*REQUIRED WORK*
Every line of the entries below from the one containing "Oticon Xceed 3" to the one containing "White Enamel Double Wall Light", both ends included, must be written out exactly. No other line belongs in the answer.

----- EXCERPTED RECORDS

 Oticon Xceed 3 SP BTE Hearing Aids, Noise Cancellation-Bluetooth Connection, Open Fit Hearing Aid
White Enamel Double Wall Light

----------
----- EXCERPTED RECORDS

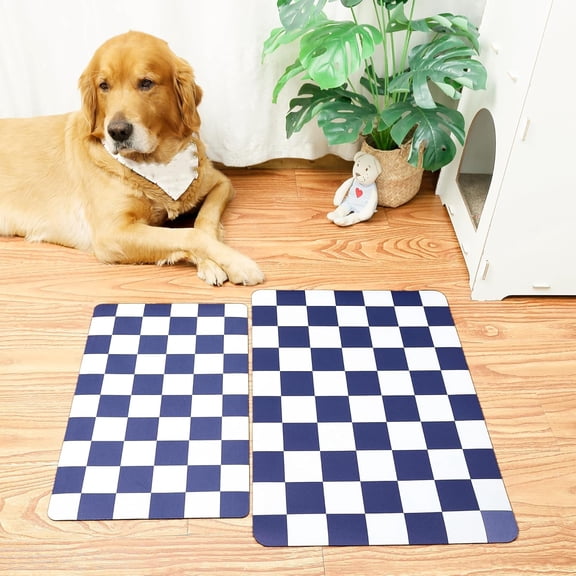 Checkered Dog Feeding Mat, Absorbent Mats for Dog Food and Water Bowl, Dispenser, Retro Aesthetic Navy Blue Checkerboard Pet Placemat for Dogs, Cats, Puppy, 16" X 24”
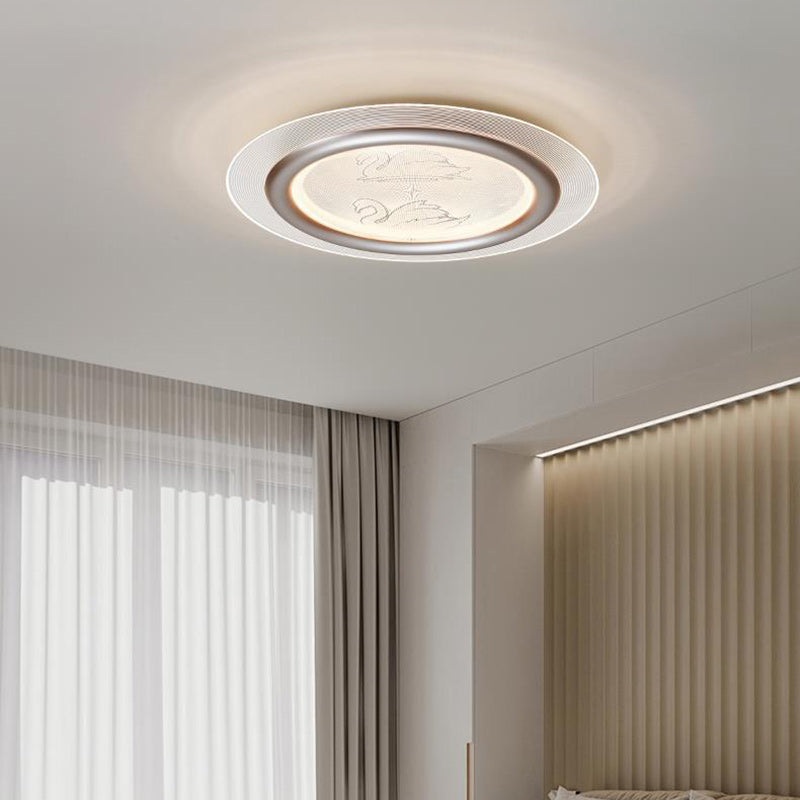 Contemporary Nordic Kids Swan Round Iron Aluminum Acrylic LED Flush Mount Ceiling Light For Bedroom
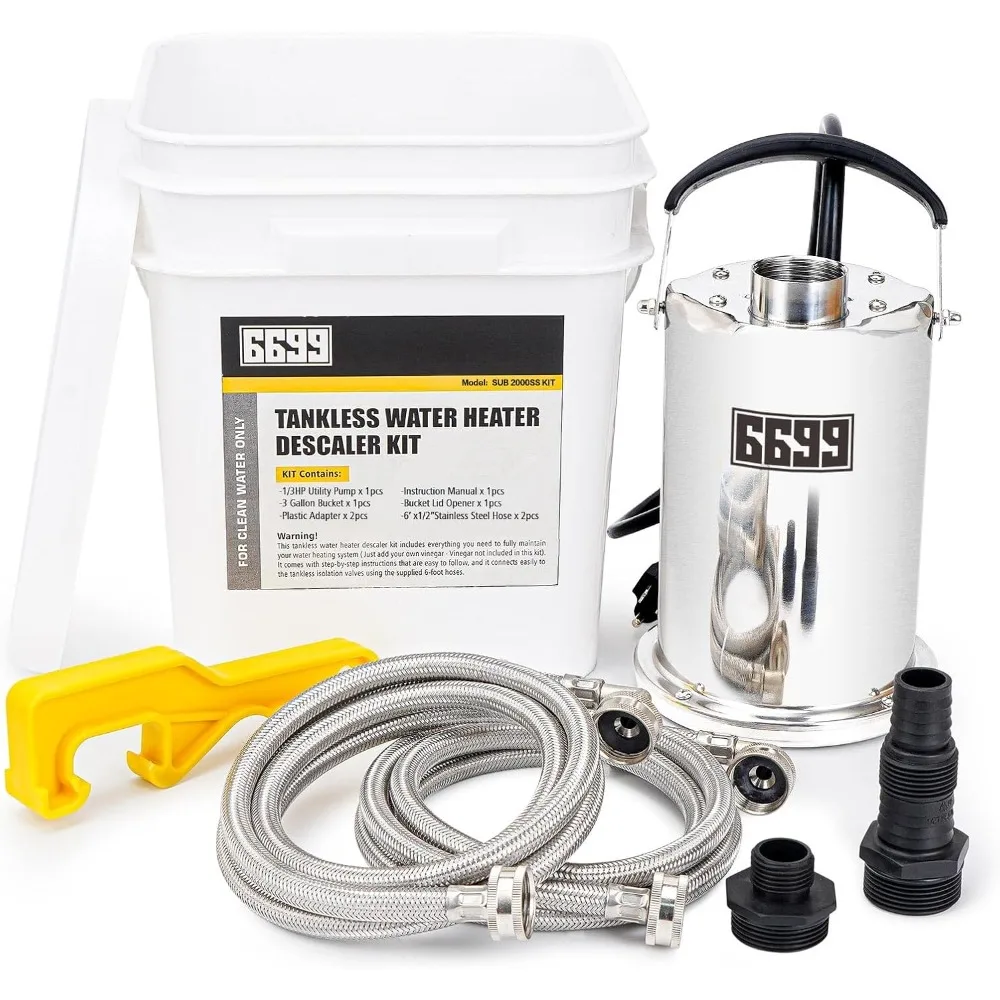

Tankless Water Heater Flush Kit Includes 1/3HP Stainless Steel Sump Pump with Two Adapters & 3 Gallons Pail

----------
----- EXCERPTED RECORDS

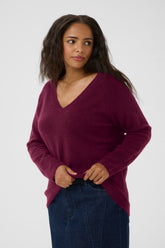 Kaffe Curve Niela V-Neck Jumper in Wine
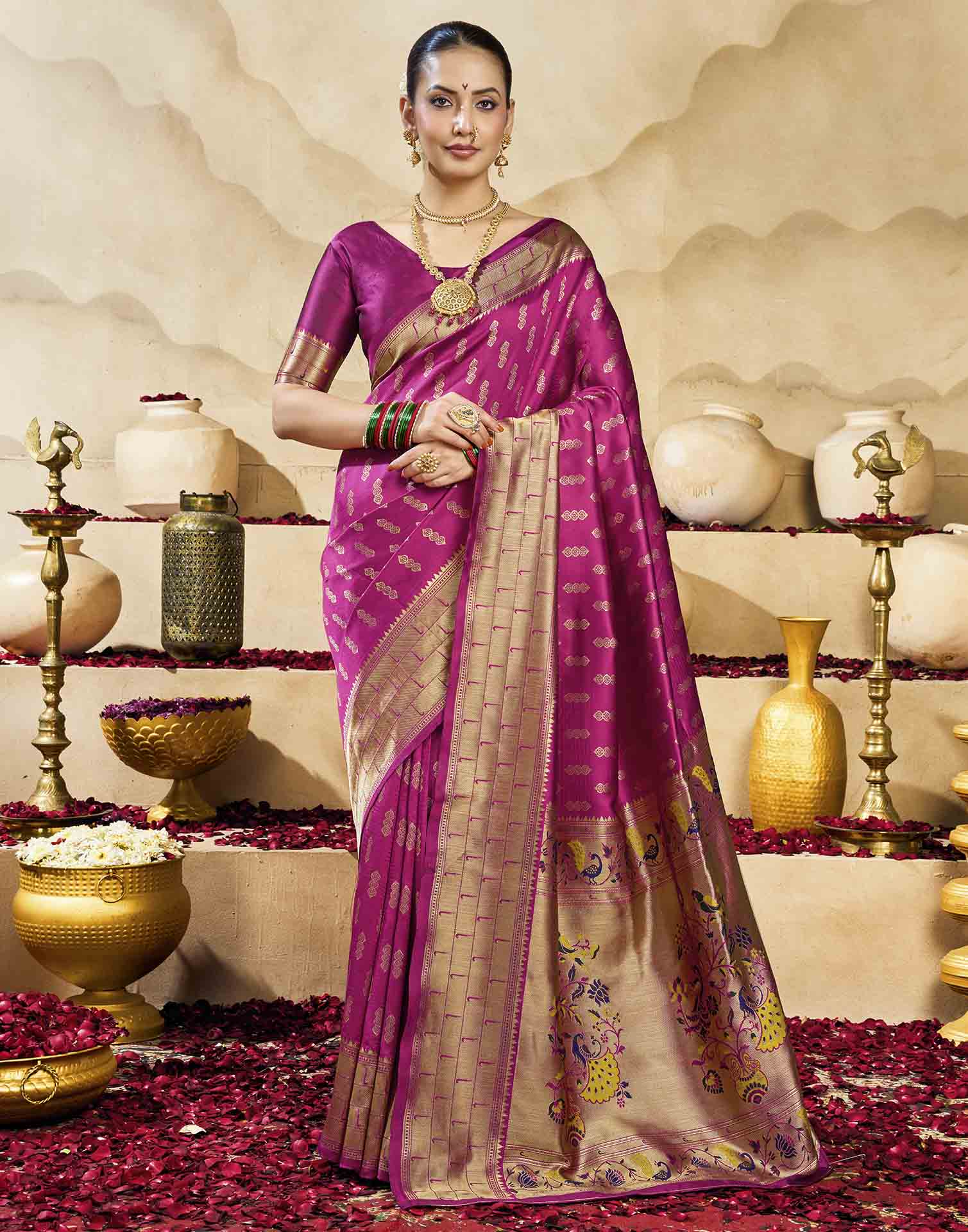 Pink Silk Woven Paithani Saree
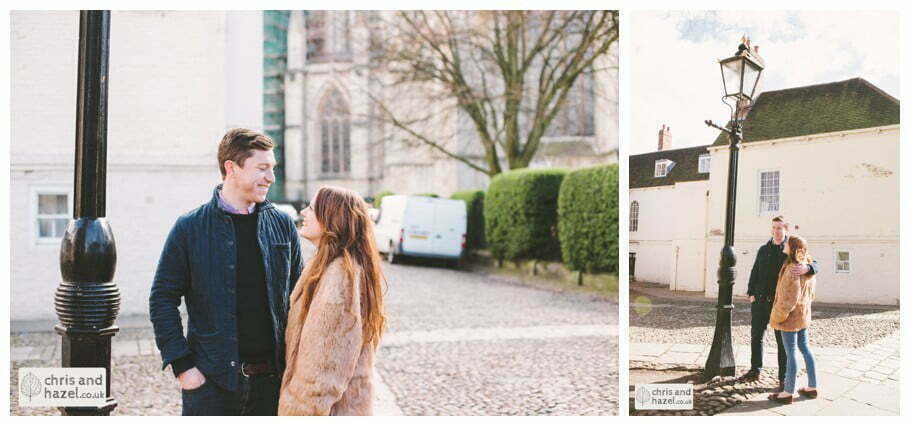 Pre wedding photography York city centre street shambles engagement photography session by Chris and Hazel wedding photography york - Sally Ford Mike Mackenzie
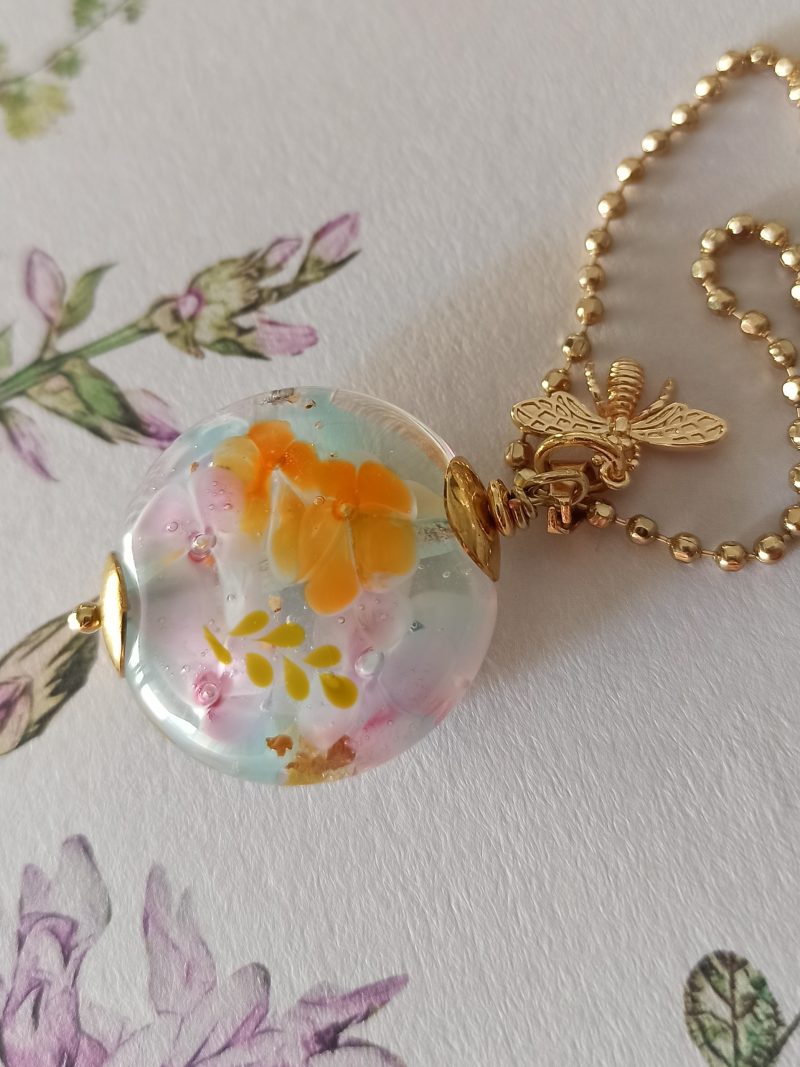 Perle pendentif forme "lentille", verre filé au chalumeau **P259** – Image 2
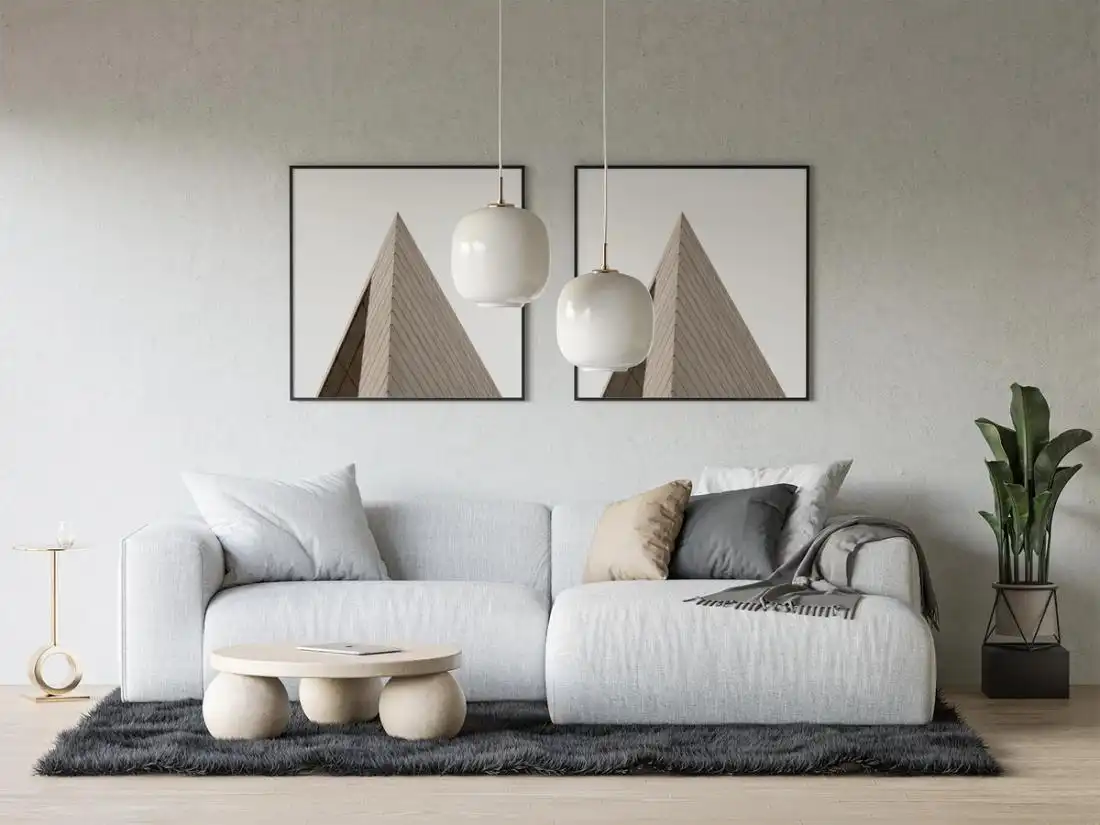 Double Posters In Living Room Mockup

----------

*RESPONSE AREA*
 Oticon Xceed 3 SP BTE Hearing Aids, Noise Cancellation-Bluetooth Connection, Open Fit Hearing Aid
White Enamel Double Wall Light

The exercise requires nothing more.